Data 101 Part 2: Quality
If you missed the first post in the Data Digest series, I recommend you start here, with the beginning of my list of unbreakable and universal rules for data management. These first three rules include the following:
1. Separate data storage, analysis, and presentation.
2. Store data in its most disaggregated form.
3. Save one thing in one place.
Read on for a continuation of this list, as I dive into tips for ensuring data quality. And again, this is only my school of thought, so please share if you agree or disagree in the comments below.
4. Be systematic.
In other words, use consistent formatting in your workflow, and try to add semantic meaning to everything, even if you don’t have to. This is called structuring data, and you’ll see the benefits almost immediately. Here’s how:
-Be consistent with underscores, dashes, commas, and periods. Think about the references section of a scientific publication. Why do you think publishers are so annoyingly specific about the notation? When you’re consistent in the way you use symbols, it allows for subsequent analysis, which opens up a world of meta-analysis and quality control.
-Pay attention to spaces. For example, “Monica ” is different from “Monica ” or ” Monica.” These examples illustrate leading and trailing spaces, or spaces that come before or after the characters. Both are particularly annoying variants. You would be surprised how often spaces cause errors, especially double instead of single spacing in unique identifiers, like passport numbers. In Microsoft Excel, you can keep leading and trailing spaces at bay using the command `trim()`.

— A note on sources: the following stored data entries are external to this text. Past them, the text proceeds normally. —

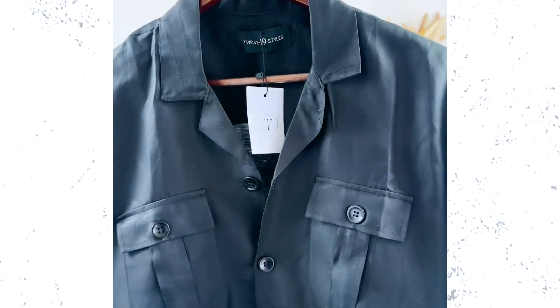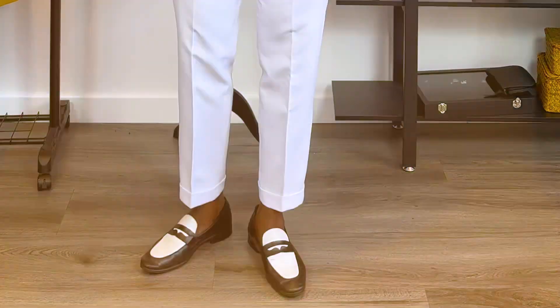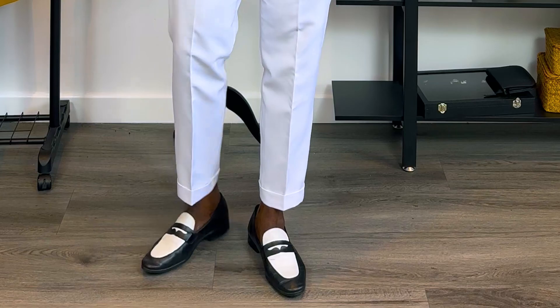Today I'm dressed in a black safari shirt by my brand 1219 Styles, the white trousers, and black penny loafers. It's a black linen shirt. I can't get enough of these penny loafers — this is like one of the best investments I've made in shoes in a long, long time. I really love the penny loafers because of the white details and the way it stays stylish. It's such a stylish shoe, and the fact that it is a multi-purpose shoe, meaning you can wear it a good number of times over and over again and style it with different outfits.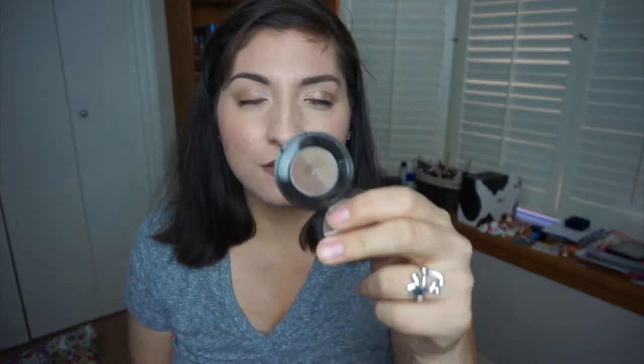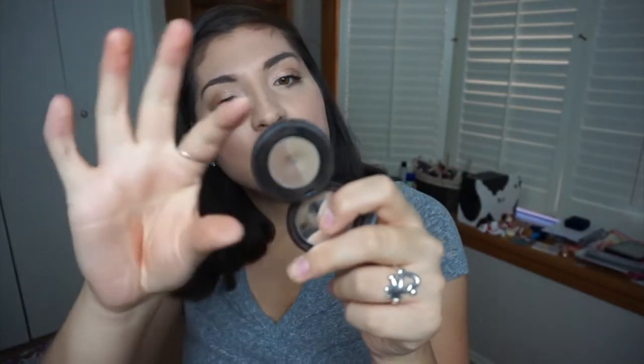I totally skipped brows — a brow product I'm in love with is the Anastasia brow powder. I got it during the first 21 days of sale from Sephora. It's in the shade Soft Brown, which is what I'm wearing on my brows today. I've been wearing it ever since I purchased it. I really have never fallen in love with a brow powder until I found this one — it's so good.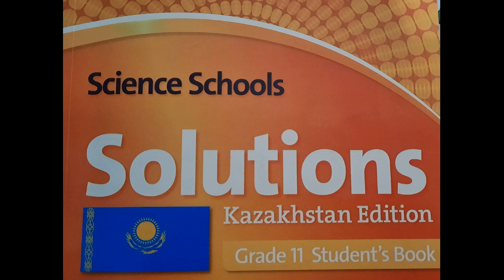Unit 3, Section F, Reading Text: Trends in Mathematical Education. In the last decade, a new trend in mathematical education has gained popularity in Kazakhstan.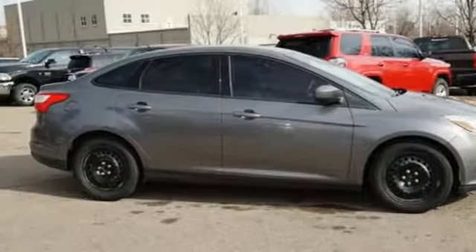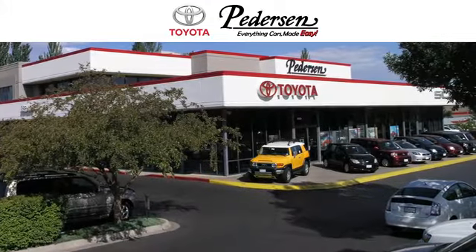You'll never know till you try. Test drive it today. Call, click, or visit us today.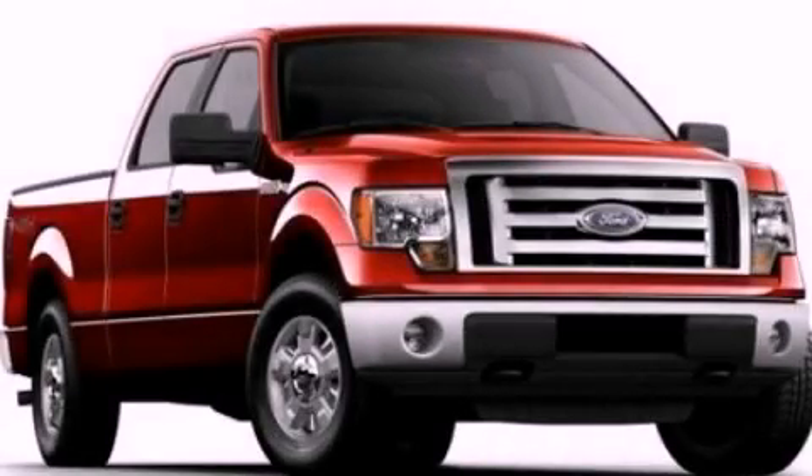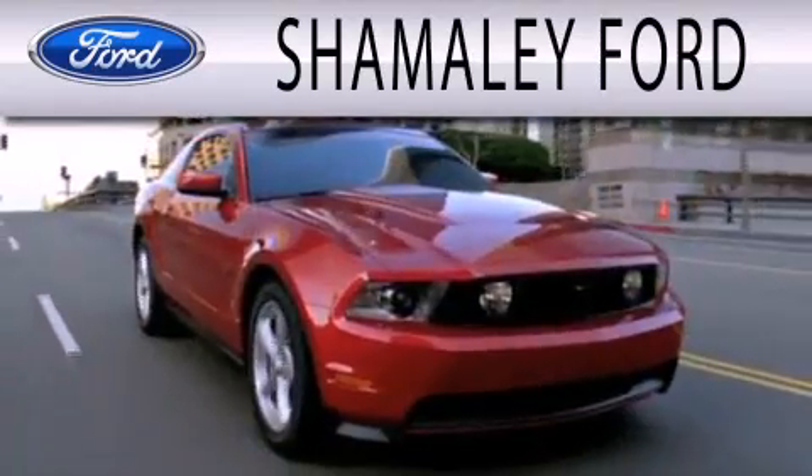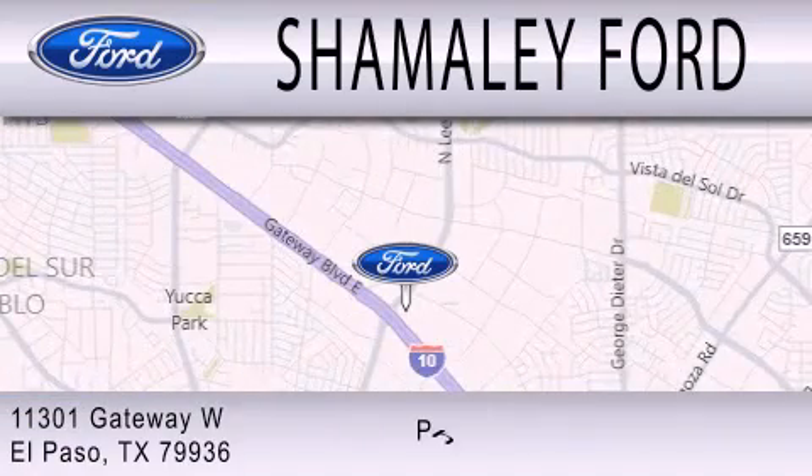We invite you to contact us today to learn more about this vehicle. Shimali Ford is dedicated to doing everything possible to ensure that the experience you have selecting your next vehicle is as pleasant as possible. We are located at 11301 Gateway Boulevard in El Paso.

-Organize your data within columns and rows the same way in all files. For example, if you do the same analysis on different country or population data, keep the column and row orders the same in each of those files. Then, if you have specific files that break that format, learn, adapt, and create a new format consistent for all files.
-Use unique characters, like “|” and “ƒ,” as long as they don’t give you errors. The more unique ways you have of separating text, the easier your life will be.
-In Microsoft Excel, respect the “data rectangle,” meaning do not put random notes or columns in the middle of a data set. This also means that for analysis files, column headers should be one row, not two or three rows for tiered headers. A good rule of thumb is to not let the merge cells function tempt you.
-Respect the number, too! When storing numbers, do not mix the number and unit in the same column. Number columns are numeric; respect them! You can have a separate column for units.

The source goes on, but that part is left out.